Reputation: 489
I have a number of variables in python that I want to use to generate a unique ID for those variables (yet have that ID always produce for those same matching variables).
I have used .encode('hex','strict')
to produce an ID which seems to work, however the output value is very long. Is there a way to produce a shorter ID using variables?
myname = 'Midavalo'
mydate = '5 July 2017'
mytime = '8:19am'
codec = 'hex'
print "{}{}{}".format(myname, mydate, mytime).encode(codec,'strict')
This outputs
4d69646176616c6f35204a756c792032303137383a3139616d
I realise with hex
it is probably dependant on the length of the three variables, so I'm wondering if there is another codec that can/will produce shorter values without excluding any of the variables?
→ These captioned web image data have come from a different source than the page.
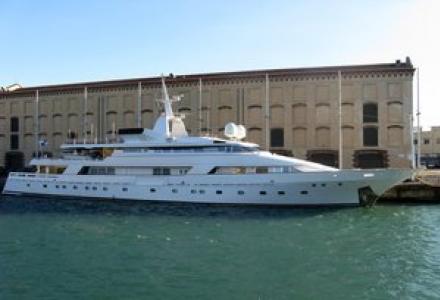 yacht Darnice III
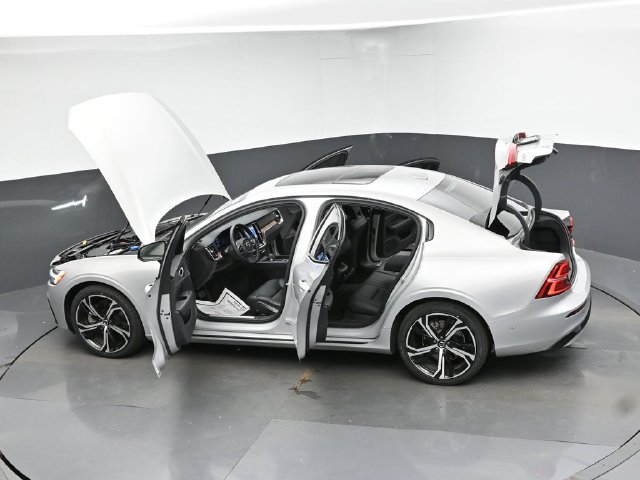 Used 2024 Volvo S60 B5 Plus AWD/4WD image 48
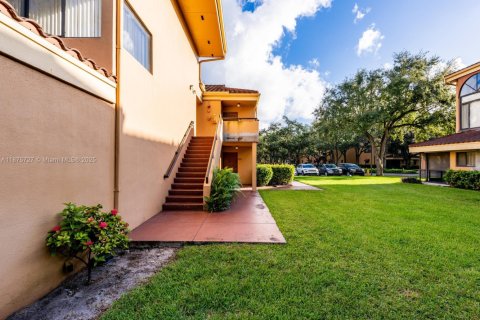 Condominio en venta en Miami Lakes, Florida, 2 dormitorios, 115.2 m2 № 1980363 - foto 2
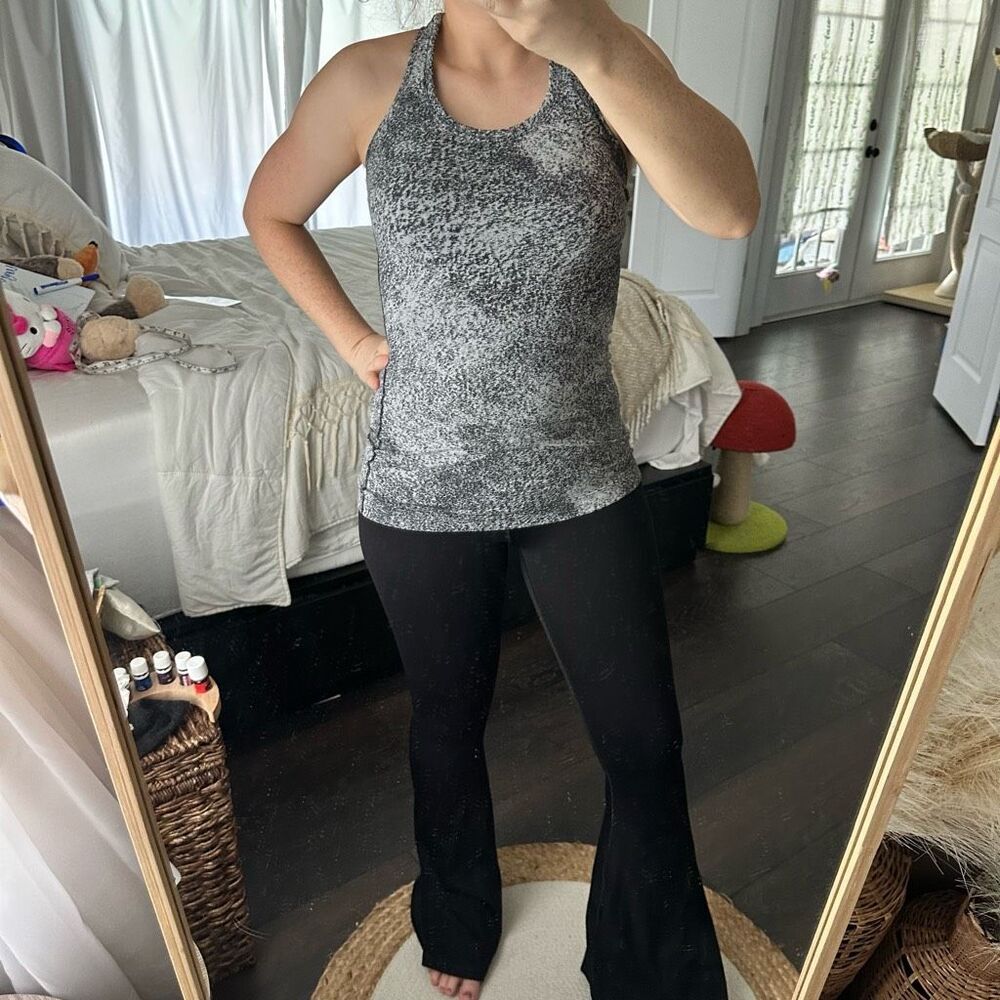 Lululemon Women’s Gray 2 Cool Racerback Luon Speay Jacquard Tank Top See Measure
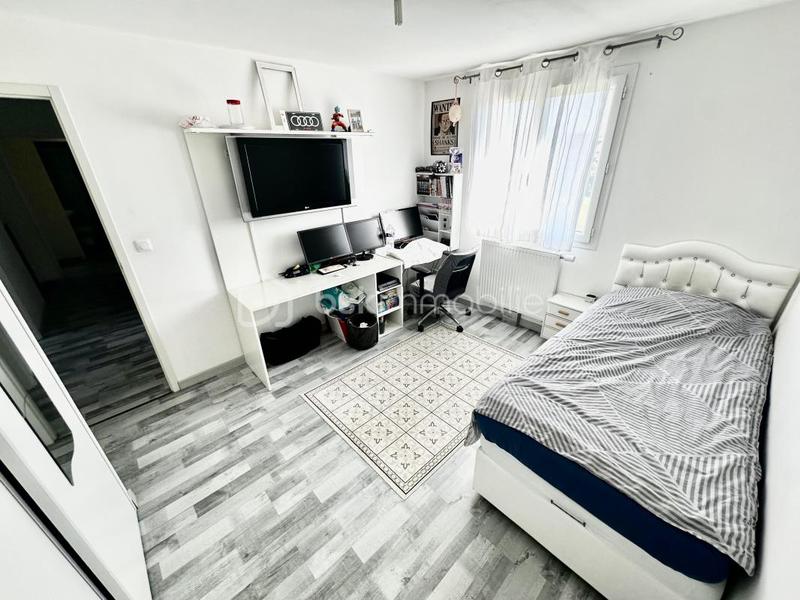 Maison traditionnelle - 120 m² - 6 pièces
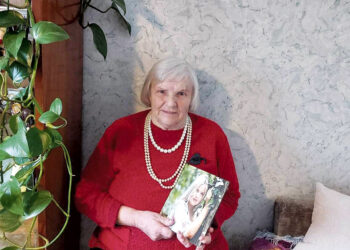 Daugiavaikė motina siūlo atžalas auklėti darbu ir savo pavyzdžiu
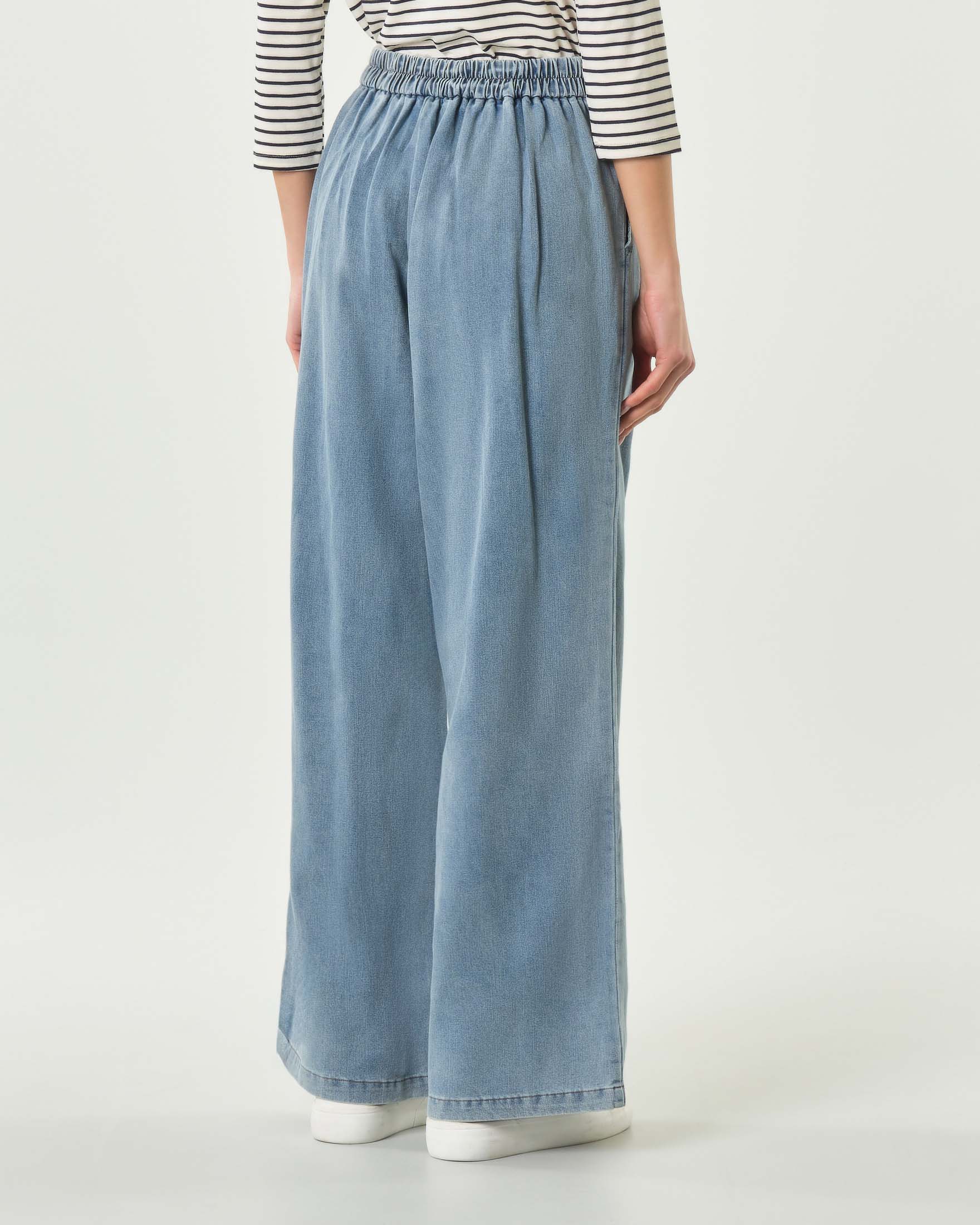 Jeans wide leg Hlo! blu lavaggio super stone wash con pince sul davanti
So far I have tested base64
, bz2
, hex
, quopri
, uu
, zip
from 7.8.4. Python Specific Encodings, but I'm unsure how to get any of these to produce shorter values without removing variables.
Is there another codec I could use, or a way to shorten the values from any of them without removing the uniqueness, or even a completely different way to produce what I require?
All I am trying to do is produce an ID so I can identify those rows when loading them into a database. If the same value already exists it will not create a new row in the database. There is no security requirement, just a unique ID. The values are generated elsewhere into python, so I can't just use a database issued ID for these values.
Upvotes: 4
Views: 8324
Reputation: 1
If you are not specific to hash and just want a uniq value based on the two or more strings. It concatenates the first character of every string and outputs a uniq value
#prints HKRC1LB for two string1 and string2
#Concatenate first char of all strings to get a uniq id
def get_uniq_val(*args):
id = ""
for i in args:
for j in i.split():
id += j[0]
return id
def main():
string_1 = "Howard Kid Recreation Centre"
string_2 = "150 Lantern Blvd"
uid = get_uniq_val(string_1,string_2)
print(uid)
if __name__ == "__main__":
main()
Upvotes: 0
Reputation: 852
You could use some hashing algorithm from the hashlib package: https://docs.python.org/3/library/hashlib.html or for python 2: https://docs.python.org/2.7/library/hashlib.html
import hashlib
s = "some string"
hash = hashlib.sha1(str.encode(s)).hexdigest() # you need to encode the strings into bytes here
This hash would be the same for the same string. Your choice of algorithm depends of the number of chars you want and the risk of collision(two different strings yielding the same hash).
Upvotes: 10